Texas turned into an excellent road trip. And if you were wondering, it’s true: state law mandates that all radio stations play country music, including the classical and talk stations. It’s also true that in certain counties, restaurant dishes are not labeled “fried” because the frying is assumed. It’s considered the natural state of food. And I’m talking about the salads.

It’s also true that Austin takes pride in its music and eccentricities. You can’t go five feet without tripping over a live band setting up to play.

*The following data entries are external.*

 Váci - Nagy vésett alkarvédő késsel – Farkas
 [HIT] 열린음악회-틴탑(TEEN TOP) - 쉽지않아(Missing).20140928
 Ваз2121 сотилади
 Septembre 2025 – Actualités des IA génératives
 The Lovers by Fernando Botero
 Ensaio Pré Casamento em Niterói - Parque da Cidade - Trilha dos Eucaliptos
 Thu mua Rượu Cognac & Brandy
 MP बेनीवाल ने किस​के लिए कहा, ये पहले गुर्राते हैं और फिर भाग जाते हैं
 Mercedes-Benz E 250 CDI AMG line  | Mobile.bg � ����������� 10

Threadgill’s, shown in the photo above, is where Janis Joplin famously got her start. (And, according to PatTheHat, it’s home to the best chicken fried steak in the southwest.) As for eccentricities, this is where the T-shirts proclaim: “Keep Austin Weird.” I tried to do my part. Hook ’em Horns.

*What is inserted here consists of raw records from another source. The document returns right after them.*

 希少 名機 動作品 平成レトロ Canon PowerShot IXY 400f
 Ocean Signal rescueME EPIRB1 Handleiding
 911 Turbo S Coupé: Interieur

(Photo: downtown Pittsburgh.)

Phoenix, where I spoke at The Poisoned Pen, was hot. Too hot for me to remember to take photos. But I had a blast staying at the retro Hotel Valley Ho. It’s been restored to its original 1950s chic, and I’m convinced I saw Natalie Wood and a young Robert Wagner checking in. And a Mercury astronaut. And Don Draper. Picture me poolside in a polka-dot bikini and bathing cap covered with plastic daisies. Wearing stilettos, and holding a martini. (Once again, note that jet lag may be distorting my memories.)

In New York I spoke at The BookMark Shoppe, a bookstore run by two best friends in Brooklyn. Now, Brooklyn is big. As in millions of people big. Its neighborhoods range from gritty to megacool and include Italian, African American, Hasidic, Dominican, Russian Orthodox, and hipster white boy — and that’s just what my son Mark can see from the back window of his apartment.

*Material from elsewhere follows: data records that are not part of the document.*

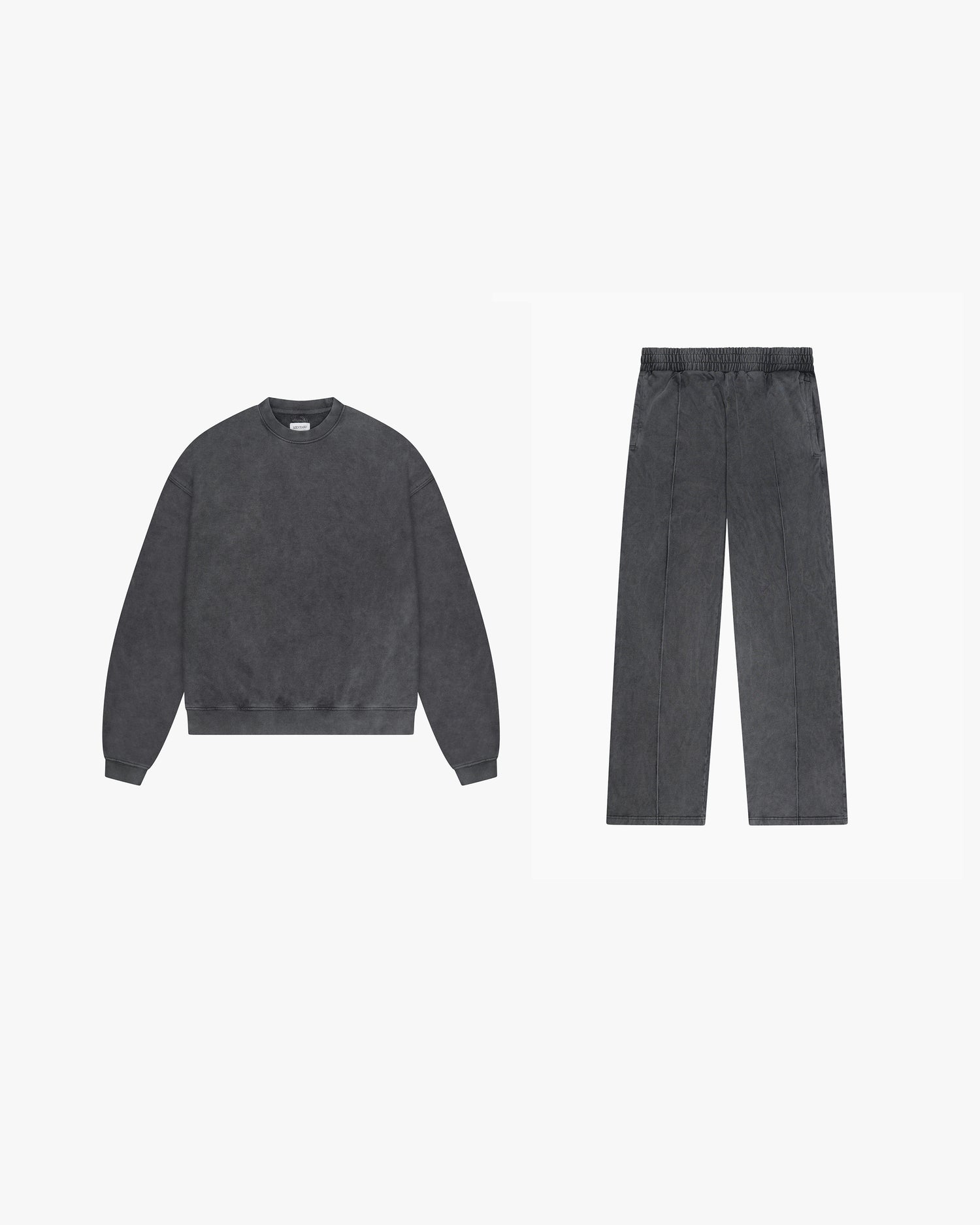 Blanks Set Sweater | Acid Wash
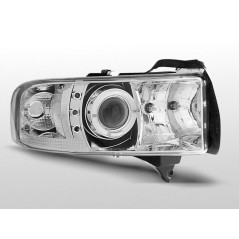 Angel Eyes Headlights Dodge Ram 94-01 Chrome LPDO01 LPDO01 199,90 €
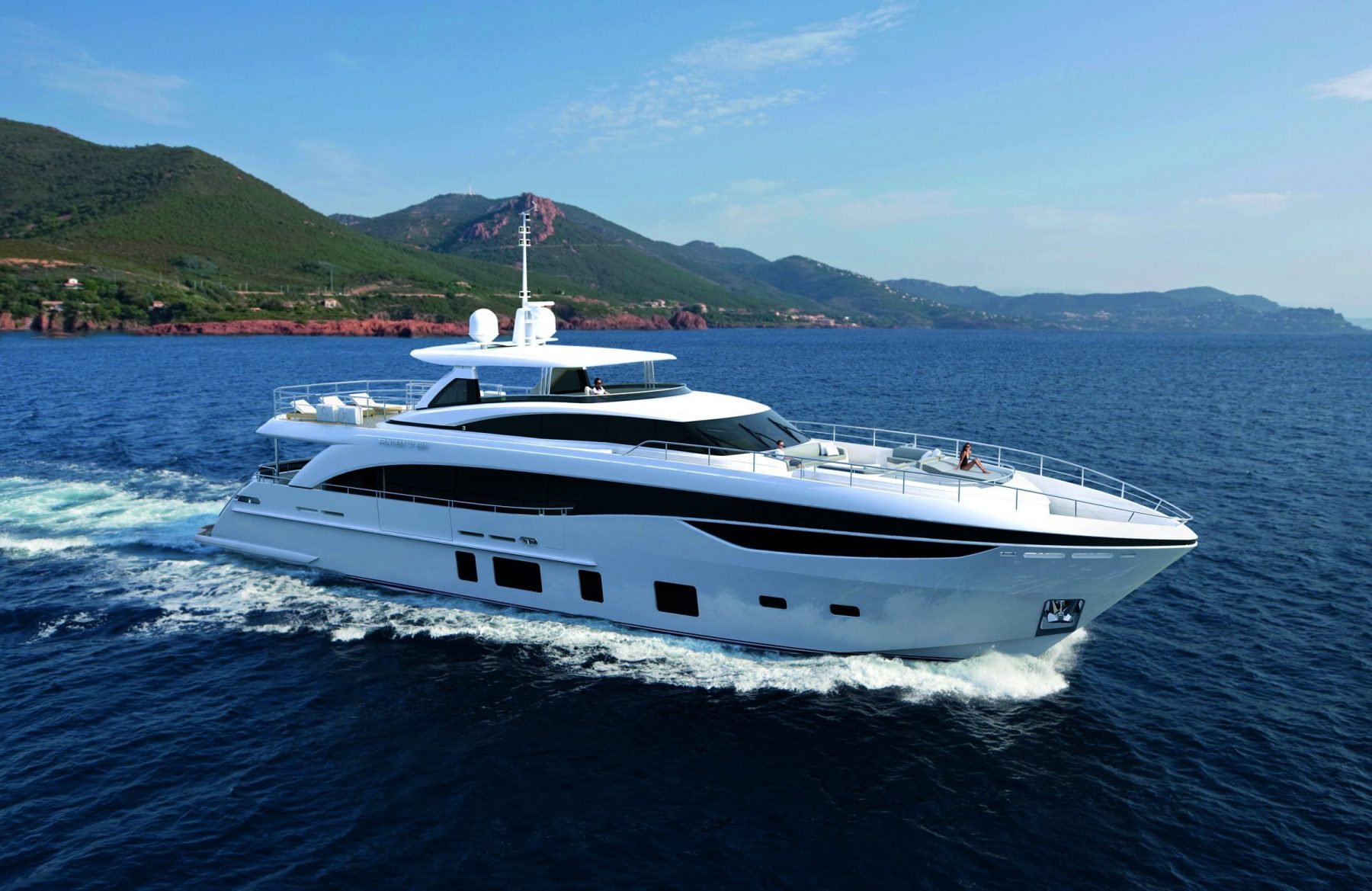 princess 35m yacht for sale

The bookstore is in Bay Ridge, at the very end of the subway line, and Mark said getting there would be like Inception: we’d have to go several levels deep. It was a dream within a dream within a dream… within Brooklyn. It took an hour on the subway, but he’s an Eagle Scout, and brought his compass. Or at least his iPhone compass app. And we didn’t know what to expect when we surfaced from the R Train. According to people from Manhattan, it might be some combination of Saturday Night Fever and The Warriors.

Reality: Bay Ridge is charming. Brownstones, tree-lined streets, parks, lively local businesses, all watched over by the towering Verrazano-Narrows Bridge. The bookstore was the size of a boxcar, but it filled up with readers for my event. They were eager and enthusiastic. I appreciated it.

And then we heard the music hammering overhead: “Je Ne Regret Rien…” So we surfaced from the dream, level by level, subway stop by subway stop, and made it home safe. I think. Maybe I haven’t actually woken up. If I see Leonardo DiCaprio or, God help me, John Travolta in disco clothes, I’ll know I’m trapped.

(Photo: me with Mary Alice Gorman.)

My final stop in Pittsburgh took me to the Mystery Lovers Bookshop. I’ve been there before. And last year at the Edgars I was lucky enough to see the store’s owners, Mary Alice Gorman and Richard Goldman, honored by the Mystery Writers of America with a Raven Award for their contribution to mystery writing. It’s always a pleasure to get to the store, and on Wednesday I loved the chance to talk to a full house of readers and book clubs. Plus Richard and Mary Alice fed us. What more could I ask?

Okay, how about for this: at the airport, side-by-side heroes of famous battles near Pittsburgh. Yes, it’s life size wax figures of George Washington and Franco Harris.

Tomorrow I’ll finish the debrief with Adventures in Audience Q&A.

4 responses to “Book Tour 2011: Debrief Part II

  1. Good stuff 🙂 I’ve been to Threadgills. And stood outside the Austin Woolworth just as it was closing down. Oh yes, I’ve been to all the historic sites.

  2. It sounds like you had a wonderful time, thanks very much for sharing–your professional life is so exciting!
    (Er… that’s not to suggest that your private life isn’t also exciting. Oh, you know what I mean!)

  3. But did the spinning top keep spinning, or did it stop? Inquiring minds want to know!